Alasan Said Iqbal Masuk Kabinet Prabowo: Berjuang dari Dalam
Presiden Partai Buruh sekaligus Konfederasi Serikat Pekerja Seluruh Indonesia (KSPI), Said Iqbal resmi dilantik menjadi Penasihat Khusus Presiden bidang Ketenagakerjaan dan Kesejahteraan Buruh.
Pelantikan yang dipimpin langsung Presiden RI Prabowo Subianto itu digelar di Istana Negara, Jakarta Pusat, Senin, 8 Juni 2026.
Said menjelaskan alasan dirinya bergabung ke dalam Kabinet Merah Putih karena ingin berjuang dari dalam.
"Bagi kami, setelah kami diskusikan di KSPI khususnya dan kawan-kawan buruh, kami memutuskan untuk juga berjuang di dalam," kata Said Iqbal kepada wartawan di Kompleks Istana Kepresidenan, Jakarta Pusat, Senin, 8 Juni 2026.
Said juga menilai Presiden Prabowo Subianto selalu berpihak dengan rakyat kecil, termasuk buruh, petani, hingga nelayan. Hal inilah yang kemudian mendorong Said Iqbal menerima tawaran menjadi penasihat khusus presiden.
"Nah saya memberanikan diri berikhtiar, berijtihad, bahwa saya juga harus memberikan keseimbangan terhadap apa apa yang ingin diperjuangkan oleh kaum buruh.

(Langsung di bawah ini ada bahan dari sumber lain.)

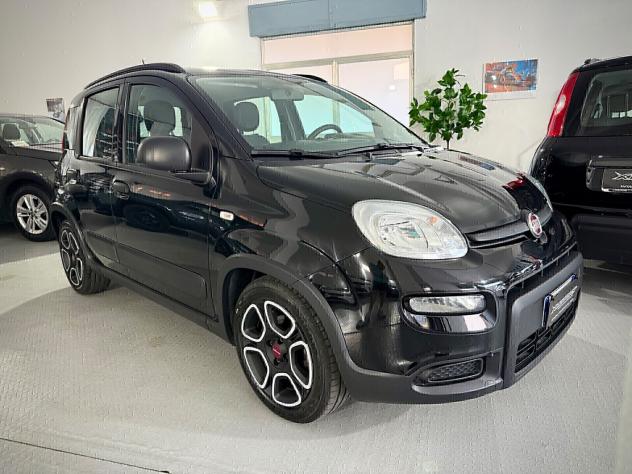 Fiat Panda 1.0 City Life benzina - Foto 9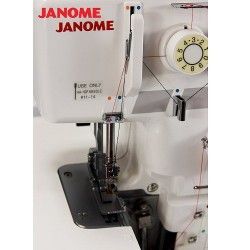 Janome 990D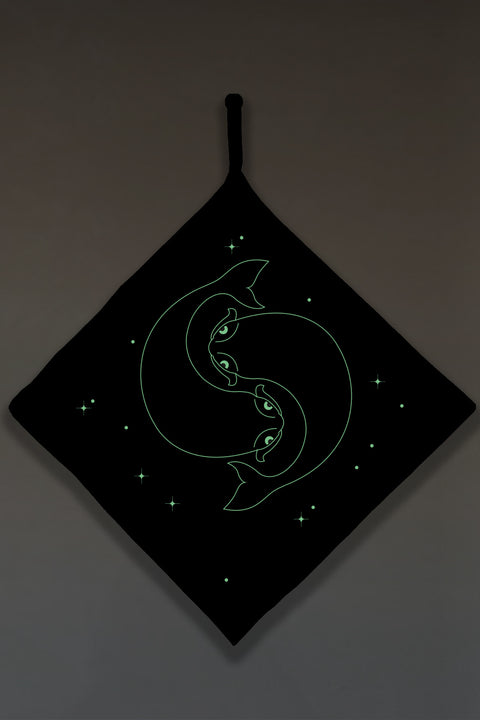 Sacred Birth Tile - sterrenbeeld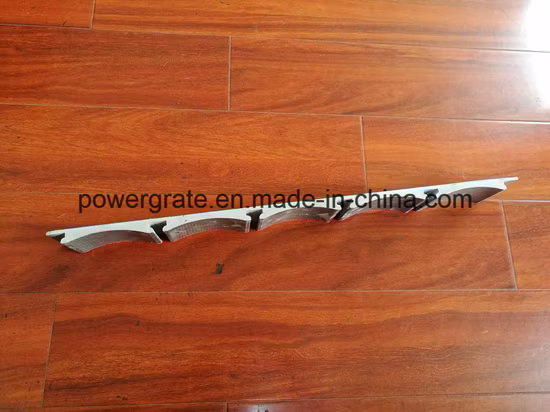 Platelage en FRP robuste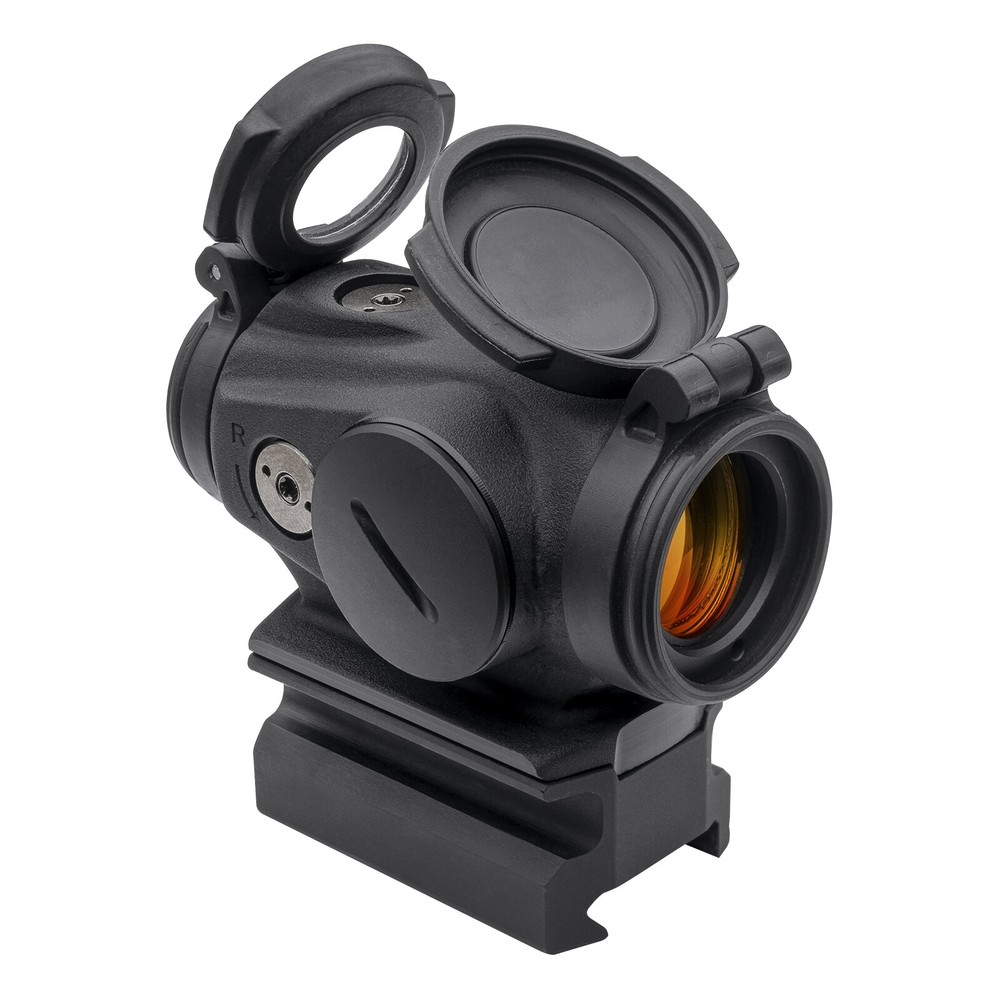 Aimpoint Duty RDS BLACK 2 MOA Red Dot Reflex Sight NEW copy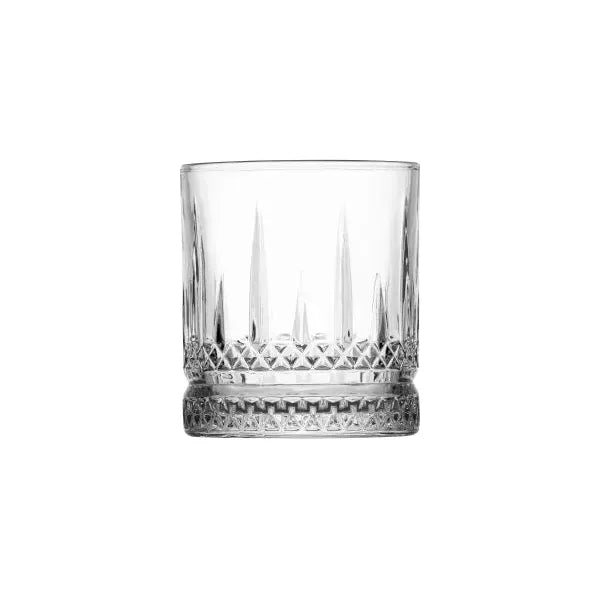 Winchester Mixer Glasses 37cl (Set of 2)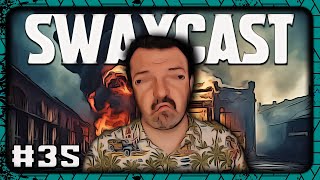 The Swaycast #35 || Gone In 60 Seconds, Man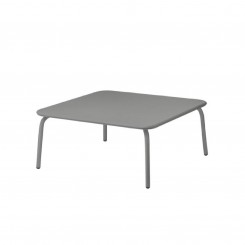 Blomus YUA Loungetisch Granite Gray 80x80, 62193 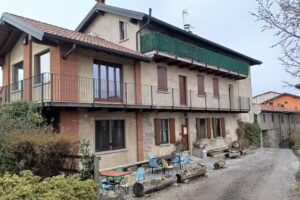 Agriturismo Casa Alta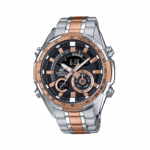 Casio 47mm Nam ERA-600SG-1A9VUDF - Ảnh 1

Dan secara demokratis tidak akan mengurangi daya kritis kami terhadap persoalan-persoalan perburuhan. Saya pikir itu aja," pungkas dia.
Sebelumnya diberitakan, Presiden RI Prabowo Subianto resmi melantik Presiden Partai Buruh, Said Iqbal menjadi Penasihat Khusus Presiden bidang Ketenagakerjaan dan Kesejahteraan Buruh.
Pelantikan digelar di Istana Negara, Jakarta Pusat pada Senin, 8 Juni 2026.
Acara pelantikan ini diawali dengan menyanyikan lagu Indonesia Raya. Kemudian dilanjutkan dengan pembacaan keputusan Presiden tentang pengangkatan pejabat yang dilantik.
Said Iqbal dilantik berdasarkan Keputusan Presiden (Keppres) 58/P Tahun 2026 tentang Pengangkatan Penasihat Khusus Presiden bidang Ketenagakerjaan dan Kesejahteraan Buruh.
Setelahnya, Presiden Prabowo memimpin pembacaan sumpah jabatan yang diikuti oleh Said Iqbal.
"Demi Allah saya bersumpah bawah saya akan setia kepada Undang-Undang Dasar Negara Republik Indonesia Tahun 1945 serta akan menjalankan segala peraturan perundang-undangan dengan selurus-lurusnya demi darma bakti saya kepada bangsa dan negara. Bahwa saya dalam menjalankan tugas jabatan akan menjunjung tinggi etika jabatan, bekerja dengan sebaik-baiknya, dengan penuh rasa tanggung jawab," kata Prabowo.